**YOUR ASSIGNMENT:** From the first line to the last, return the data exactly, with no pictures.

**SUPPLIED MATERIAL:**
──────────

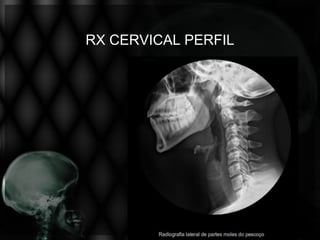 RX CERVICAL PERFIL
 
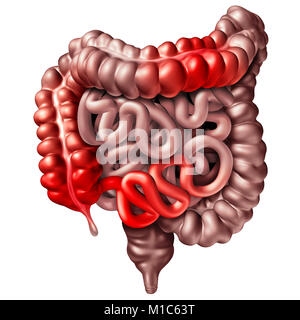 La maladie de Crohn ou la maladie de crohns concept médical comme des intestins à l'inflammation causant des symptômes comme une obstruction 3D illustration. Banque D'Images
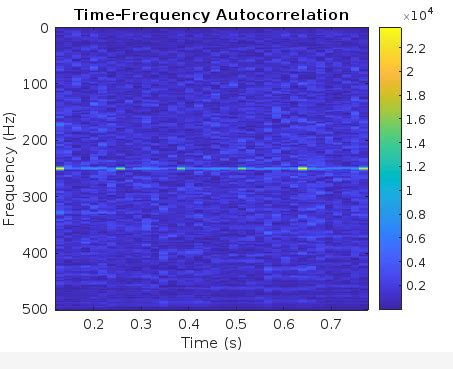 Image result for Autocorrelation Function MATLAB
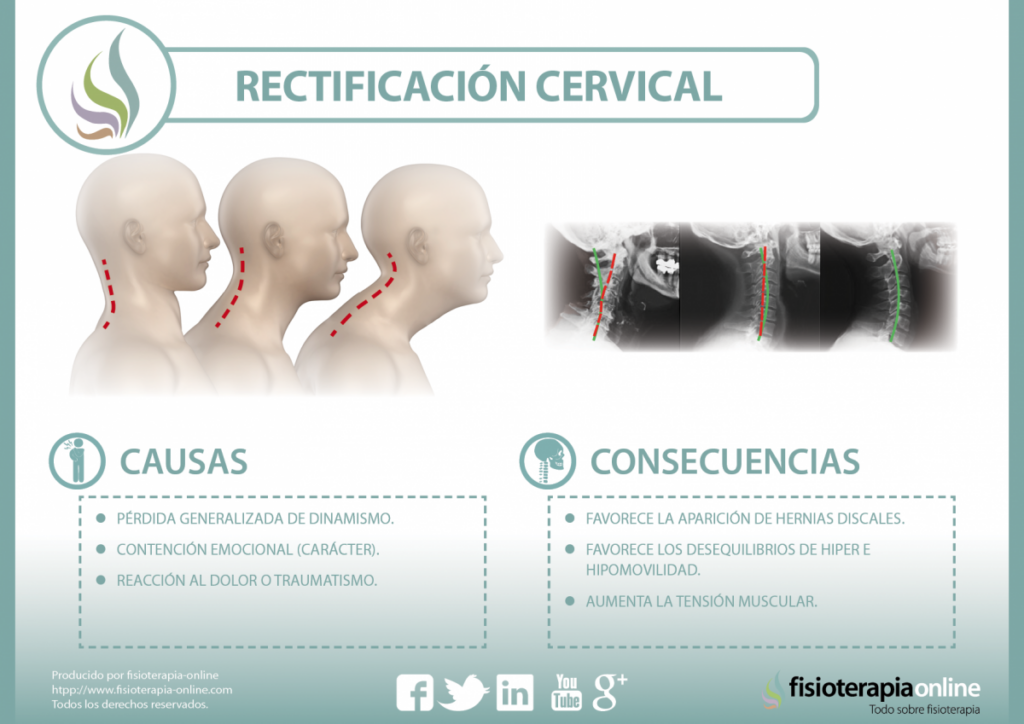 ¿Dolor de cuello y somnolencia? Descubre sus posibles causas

──────────

**SOLUTION:**
 RX CERVICAL PERFIL
 
 La maladie de Crohn ou la maladie de crohns concept médical comme des intestins à l'inflammation causant des symptômes comme une obstruction 3D illustration. Banque D'Images
 Image result for Autocorrelation Function MATLAB
 ¿Dolor de cuello y somnolencia? Descubre sus posibles causas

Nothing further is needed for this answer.